• [Work instruction]:
Everything in the listing below must be set down again exactly, apart from the pictures.

• [Recorded information]:
━━━━

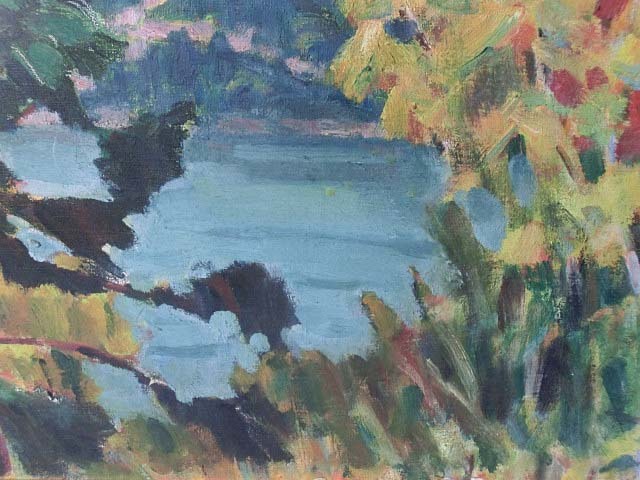 480224 oil painting large marsh hing quiet . work [ mountain lake autumn color ](F10) day exhibition member * Fukui prefecture ..* painter * landscape painting 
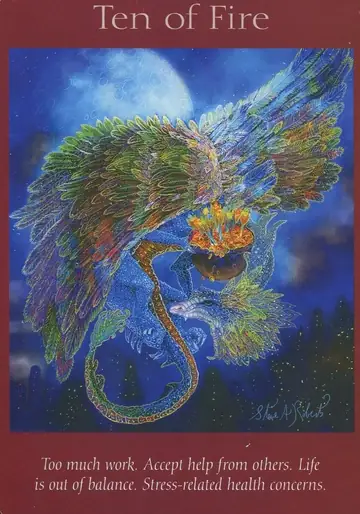 Ten of Fire card from the Angel Tarot deck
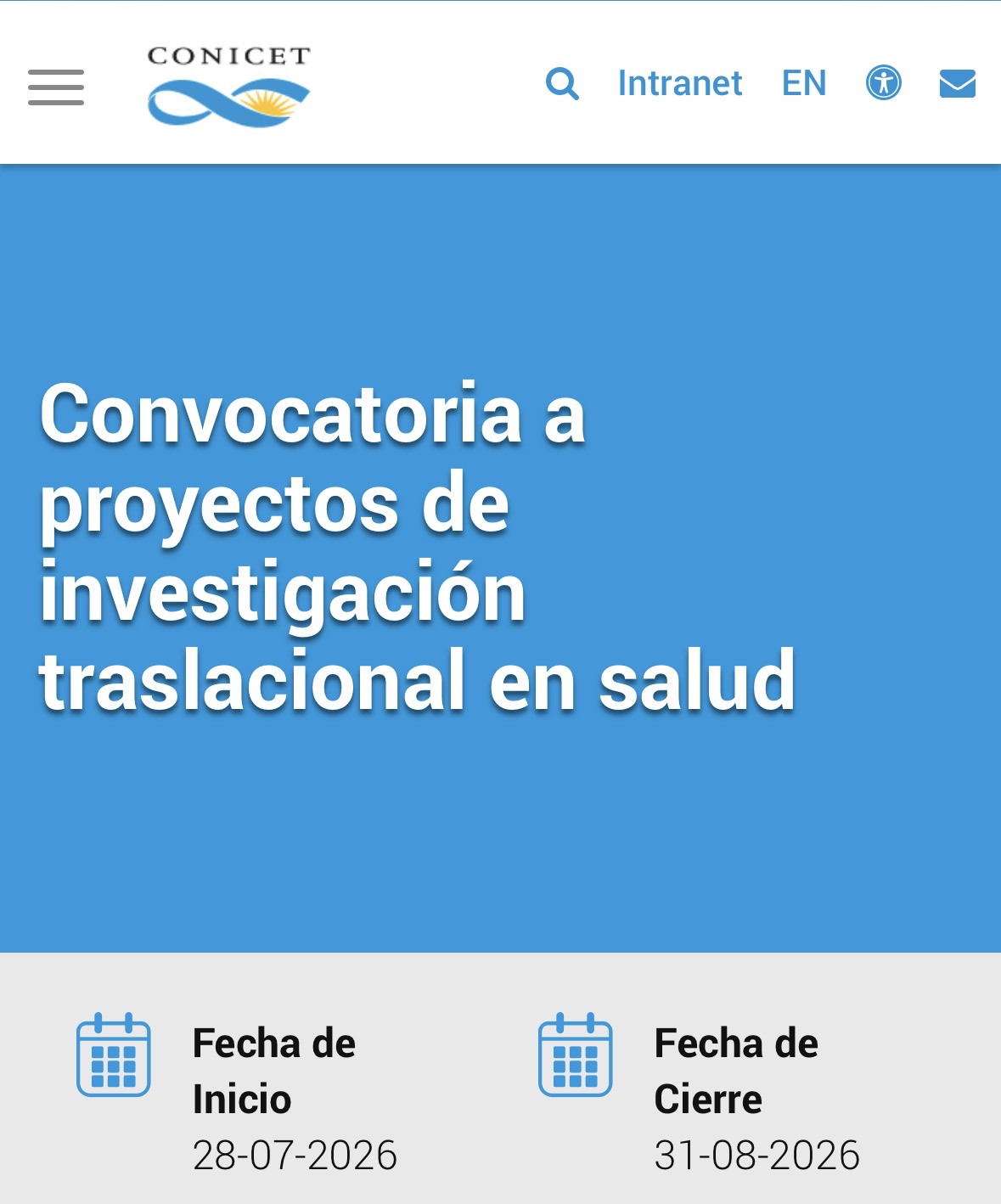 Convocatoria CONICET 2026-2028: Proyectos de Investigación Traslacional en Salud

━━━━

• [Completed exercise]:
 480224 oil painting large marsh hing quiet . work [ mountain lake autumn color ](F10) day exhibition member * Fukui prefecture ..* painter * landscape painting 
 Ten of Fire card from the Angel Tarot deck
 Convocatoria CONICET 2026-2028: Proyectos de Investigación Traslacional en Salud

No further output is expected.